Die LANCOM Wizards weisen den Benutzer bei der Inbetriebnahme darauf hin, dass aus Sicherheitsgründen alle möglichen Sicherheitsmechanismen wie IEEE 802.11i, LEPS usw. zu konfigurieren sind.

LANCOM Systems bietet als Bestandteil von Super A/G (Bruttoübertragungsrate bis zu 108 MBit/s) nun auch die Kompression auch auf WLAN-Verbindungen zwischen Access Point und Clients oder auf P2P Verbindungen. Dies führt in Kombination mit Turbo Modus und Bursting zu Nettodatenübertragsraten von bis zu 60 MBit/s.

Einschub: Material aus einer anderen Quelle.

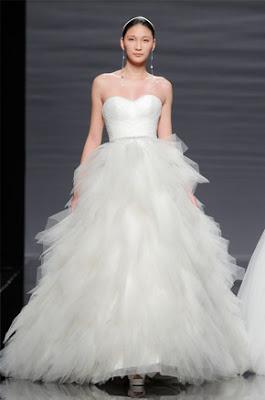 ROSA CLARÁ 2014 COLLECTION -Barcelona Bridal Week 2013-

Neben diesen Highlights sind zahlreiche Detailverbesserungen in den Bereichen VPN, Routing und Management in das neue LCOS 4.0 eingeflossen. So bietet die Konfigurationssoftware LANconfig dem Benutzer nun automatisch ein Firmware-Update &#150;auch mehrerer Geräte gleichzeitig- an, wenn eine neuere Version auf CD-ROM oder der Festplatte gefunden wurde. Das Überwachungstool LANmonitor zeigt alle neuen Features und der Status aller angezeigten Geräte übersichtlich und gut sichtbar.

Mit dem kostenlosen Software-Update kann jeder Router oder Access Point von LANCOM sowie die Router der Modellreichen Telekom Business LAN und T-Octopus LAN Router oder Access Point auf den neuen Sicherheitsstandard umgestellt werden. Das LCOS-Update und detaillierte Information zu allen neuen Funktionen stehen ab sofort auf der LANCOM-Hompage unter www.lancom.de bereit.